→ TASK MATERIAL:
•••
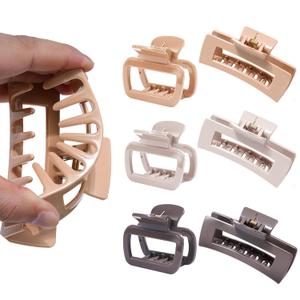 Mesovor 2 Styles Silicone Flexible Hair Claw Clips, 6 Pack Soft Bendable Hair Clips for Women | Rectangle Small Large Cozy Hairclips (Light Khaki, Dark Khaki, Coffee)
•••
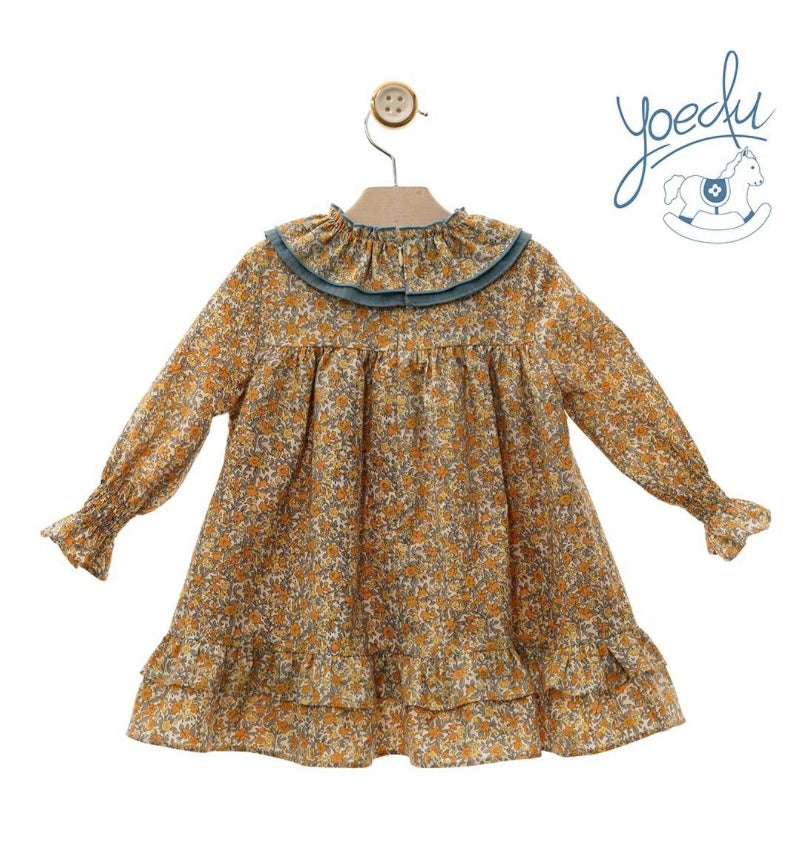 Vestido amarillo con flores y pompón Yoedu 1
•••
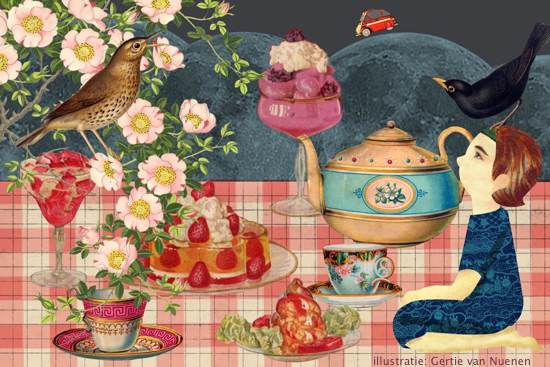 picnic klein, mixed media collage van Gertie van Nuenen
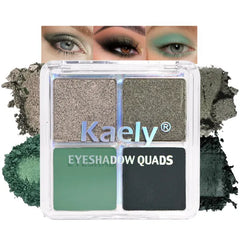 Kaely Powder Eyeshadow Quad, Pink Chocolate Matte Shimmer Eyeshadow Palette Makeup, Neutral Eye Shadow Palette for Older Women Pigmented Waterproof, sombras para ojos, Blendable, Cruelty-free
•••
→ WHAT NEEDS TO BE DONE: Exactly the lines above from the one that contains "picnic klein, mixed" down to the one that contains "Kaely Powder Eyeshadow" are to be output, both ends kept and pictures omitted.

→ ANSWER TO THIS EXERCISE:
 picnic klein, mixed media collage van Gertie van Nuenen
 Kaely Powder Eyeshadow Quad, Pink Chocolate Matte Shimmer Eyeshadow Palette Makeup, Neutral Eye Shadow Palette for Older Women Pigmented Waterproof, sombras para ojos, Blendable, Cruelty-free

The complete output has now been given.